→ **ASSIGNMENT**:
Check the entries below for lines with "TTXVN"; report only how many there are.

→ **PROVIDED RECORDS**:
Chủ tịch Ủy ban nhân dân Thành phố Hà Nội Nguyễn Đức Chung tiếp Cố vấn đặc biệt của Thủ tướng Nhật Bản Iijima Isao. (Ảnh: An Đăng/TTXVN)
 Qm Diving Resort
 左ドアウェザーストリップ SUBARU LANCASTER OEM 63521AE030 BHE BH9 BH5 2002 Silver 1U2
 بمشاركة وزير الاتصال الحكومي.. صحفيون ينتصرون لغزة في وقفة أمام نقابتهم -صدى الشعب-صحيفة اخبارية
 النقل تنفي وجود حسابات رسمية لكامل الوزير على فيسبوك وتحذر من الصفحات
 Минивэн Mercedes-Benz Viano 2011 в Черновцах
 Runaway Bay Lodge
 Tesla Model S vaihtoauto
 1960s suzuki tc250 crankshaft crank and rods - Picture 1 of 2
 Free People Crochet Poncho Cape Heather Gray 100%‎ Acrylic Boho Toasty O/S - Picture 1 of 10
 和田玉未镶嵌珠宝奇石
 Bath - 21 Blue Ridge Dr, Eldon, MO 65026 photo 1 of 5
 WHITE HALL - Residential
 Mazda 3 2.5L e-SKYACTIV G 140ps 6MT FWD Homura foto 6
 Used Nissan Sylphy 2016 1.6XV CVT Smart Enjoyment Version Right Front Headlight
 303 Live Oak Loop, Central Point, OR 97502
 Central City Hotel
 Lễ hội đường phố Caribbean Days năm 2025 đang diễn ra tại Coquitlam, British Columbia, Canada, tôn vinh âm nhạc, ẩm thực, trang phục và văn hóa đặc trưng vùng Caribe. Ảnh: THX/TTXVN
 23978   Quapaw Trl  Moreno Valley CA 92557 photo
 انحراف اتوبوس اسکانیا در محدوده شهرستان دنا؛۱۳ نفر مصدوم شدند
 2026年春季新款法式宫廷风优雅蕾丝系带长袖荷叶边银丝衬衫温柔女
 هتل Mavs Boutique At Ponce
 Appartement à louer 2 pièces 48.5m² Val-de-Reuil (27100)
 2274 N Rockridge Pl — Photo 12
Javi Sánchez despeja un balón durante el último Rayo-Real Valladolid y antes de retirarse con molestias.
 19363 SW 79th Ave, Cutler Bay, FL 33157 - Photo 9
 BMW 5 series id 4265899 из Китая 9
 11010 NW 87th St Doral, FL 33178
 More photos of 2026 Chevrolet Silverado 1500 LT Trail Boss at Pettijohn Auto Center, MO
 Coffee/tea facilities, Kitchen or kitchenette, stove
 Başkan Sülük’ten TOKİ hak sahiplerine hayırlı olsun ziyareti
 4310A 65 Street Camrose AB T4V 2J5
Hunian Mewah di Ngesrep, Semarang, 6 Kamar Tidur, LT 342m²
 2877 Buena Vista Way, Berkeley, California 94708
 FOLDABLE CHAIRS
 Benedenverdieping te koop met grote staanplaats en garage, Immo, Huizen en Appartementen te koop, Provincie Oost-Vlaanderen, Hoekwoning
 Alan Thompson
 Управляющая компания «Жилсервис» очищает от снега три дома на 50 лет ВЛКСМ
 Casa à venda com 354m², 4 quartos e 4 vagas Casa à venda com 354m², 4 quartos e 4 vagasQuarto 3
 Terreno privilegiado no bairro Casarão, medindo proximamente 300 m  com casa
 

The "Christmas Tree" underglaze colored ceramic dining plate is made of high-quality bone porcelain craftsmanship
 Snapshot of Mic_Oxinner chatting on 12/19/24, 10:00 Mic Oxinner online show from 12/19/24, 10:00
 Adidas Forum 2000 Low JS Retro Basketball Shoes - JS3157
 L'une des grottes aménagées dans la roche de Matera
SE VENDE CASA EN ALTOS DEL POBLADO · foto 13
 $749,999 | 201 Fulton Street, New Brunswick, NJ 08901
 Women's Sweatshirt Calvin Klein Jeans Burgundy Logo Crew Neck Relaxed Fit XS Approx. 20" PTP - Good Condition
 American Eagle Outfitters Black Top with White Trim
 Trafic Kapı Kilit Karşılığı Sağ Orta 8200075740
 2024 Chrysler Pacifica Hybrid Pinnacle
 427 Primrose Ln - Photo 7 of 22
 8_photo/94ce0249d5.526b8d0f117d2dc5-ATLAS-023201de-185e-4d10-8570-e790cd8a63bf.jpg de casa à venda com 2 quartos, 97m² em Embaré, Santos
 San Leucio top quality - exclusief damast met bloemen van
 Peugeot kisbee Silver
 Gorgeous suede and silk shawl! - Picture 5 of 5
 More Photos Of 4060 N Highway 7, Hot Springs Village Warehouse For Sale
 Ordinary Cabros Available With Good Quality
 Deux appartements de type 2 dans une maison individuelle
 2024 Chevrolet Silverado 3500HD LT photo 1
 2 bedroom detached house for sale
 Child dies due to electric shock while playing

→ **SOLUTION TO THE EXERCISE**:
2